Use the quotient Rule to differentiate the function f(x) = 8x/x^5+3
2 Answers
sciencesolve | Teacher | (Level 3) Educator Emeritus
You need to use quotient rule to differentiate the function with respect to x, hence, you need to assign two functions to numerator and denominator, such that: `g(x) = 8x, h(x) = x^5 + 3` .

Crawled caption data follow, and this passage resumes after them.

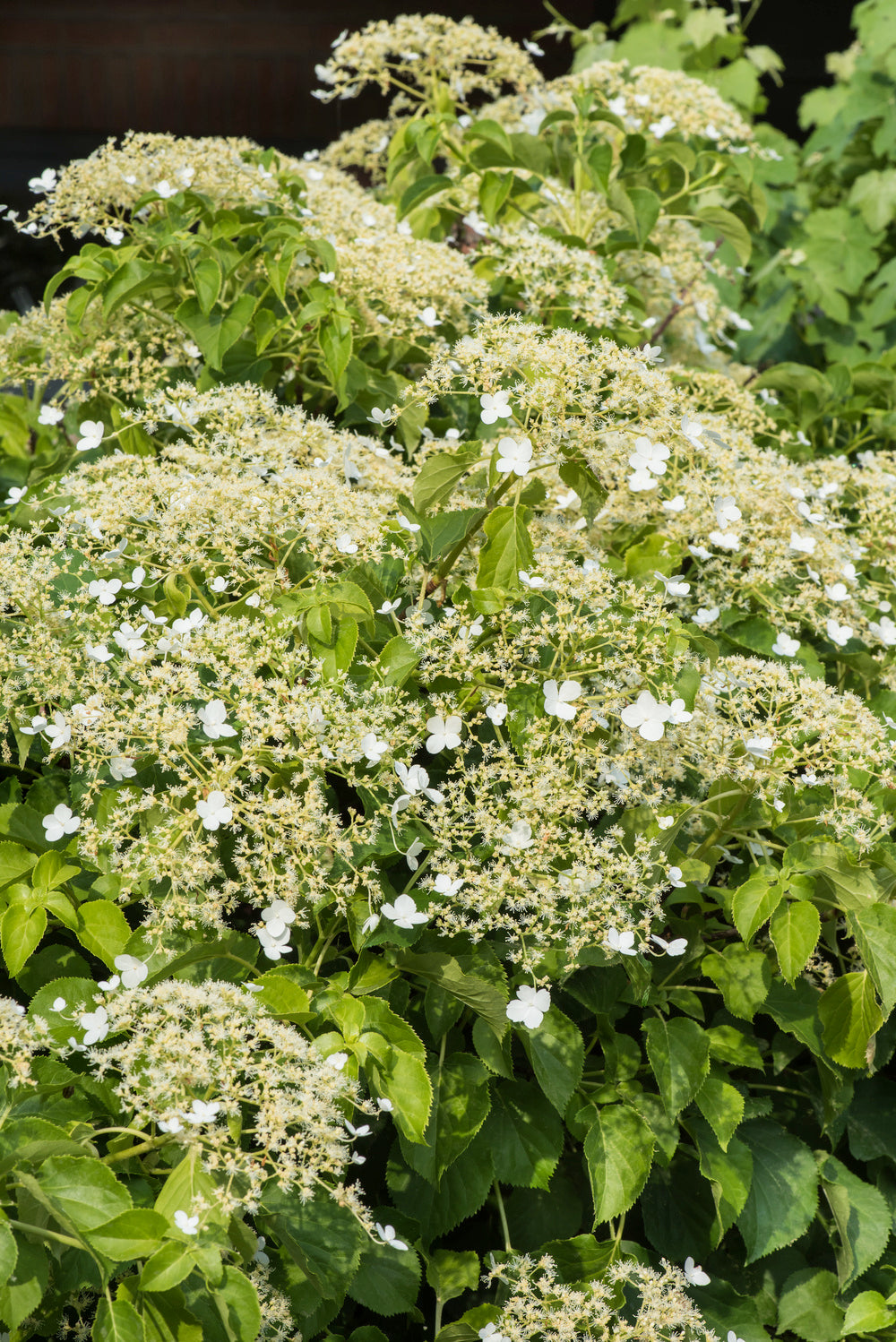 Lot de 4 hortensias grimpants - 30-38 cm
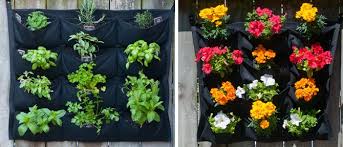 Our designs are constantly changing as are the seasonal blooms. Wall Garden Palmers Garden Centre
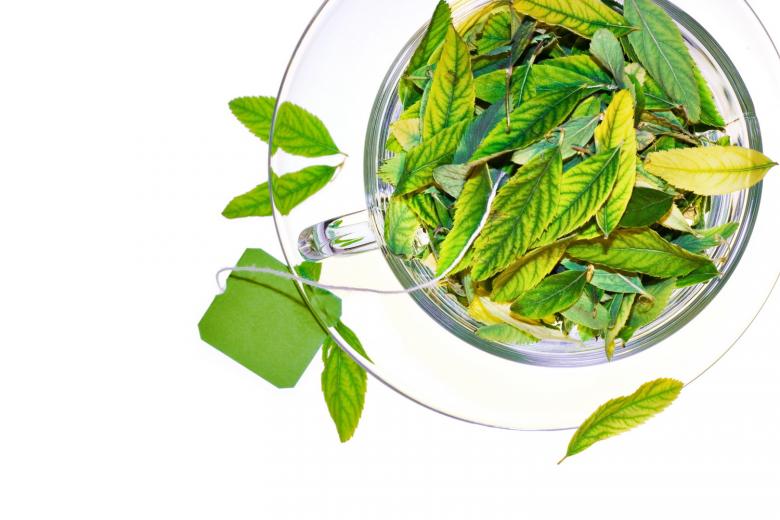 Free stock image of Cup with leaves created by 2happy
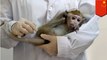 Ilmuwan Cina masukkan gen otak manusia ke monyet - TomoNews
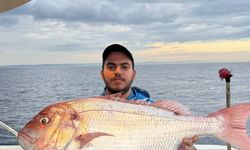 Çanakkale'de balıkçıların ağına 12 kilogramlık mercan takıldı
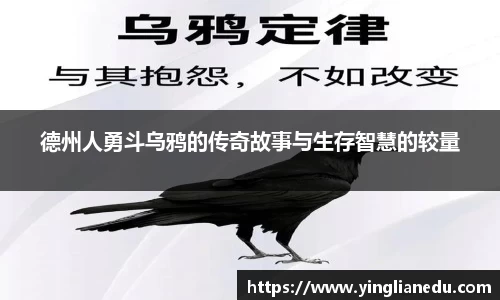 德州人勇斗乌鸦的传奇故事与生存智慧的较量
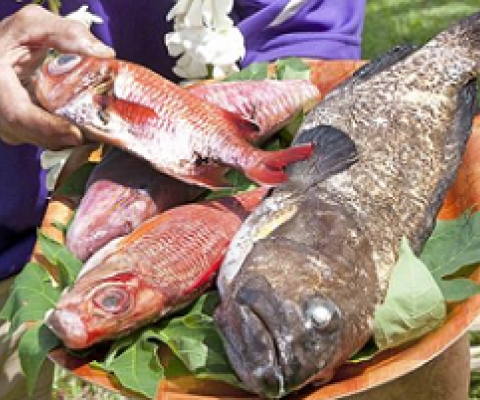 Pastor Ngarima George with apuka (reef cod) and ku (red snapper). Photo: GRAY CLAPHAM 19090425 / 19090426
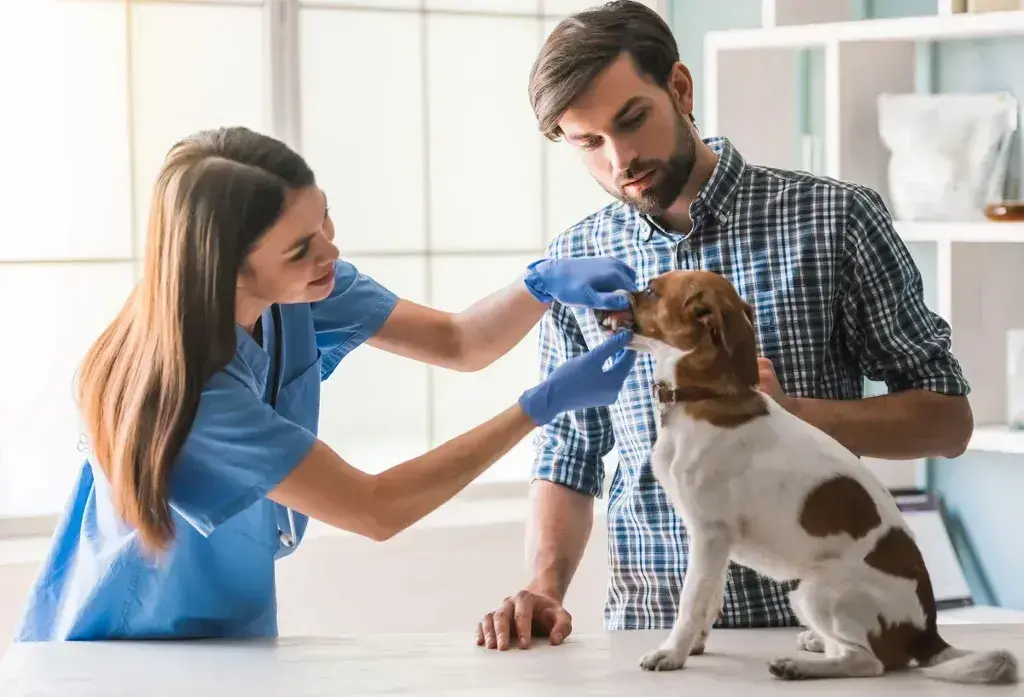 One Vet for All Your Pets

You need to remember the quotient rule, such that:
`f'(x) = (g'(x)h(x) - g(x)h'(x))/(h^2(x))`
Replacing 8 for g'(x) and `5x^4` for h'(x) yields:
`f'(x) = (8(x^5 + 3) - 8x(5x^4))/((x^5 + 3)^2)`
`f'(x) = (8x^5 + 24 - 40x^5)/((x^5 + 3)^2)`
`f'(x) = (24 - 32x^5)/((x^5 + 3)^2)`
`f'(x) = 8(3 - 4x^5)/((x^5 + 3)^2)`
Hence, evaluating the derivative of the given function, by quotient rule, yields `f'(x) = 8(3 - 4x^5)/((x^5 + 3)^2).`
llltkl | College Teacher | (Level 3) Valedictorian
According to the quotient rule the derivative of f(x)= `(g(x))/(h(x))` is given by:
`(g'(x)*h(x)-g(x)*h'(x))/[h(x)]^2`
The given function is f(x)=`(8x)/(x^5+3)` .
Differentiating using the quotient rule we get:
`f'(x)=((8x)'*(x^5+3)-(8x)*(x^5+3)')/(x^5+3)^2`
`=(8*(x^5+3)-8x*5x^4)/(x^5+3)^2`
`=(8(x^5+3-5x^5))/(x^5+3)^2`
`=(8(3-4x^5))/(x^5+3)^2`` rarr` answer.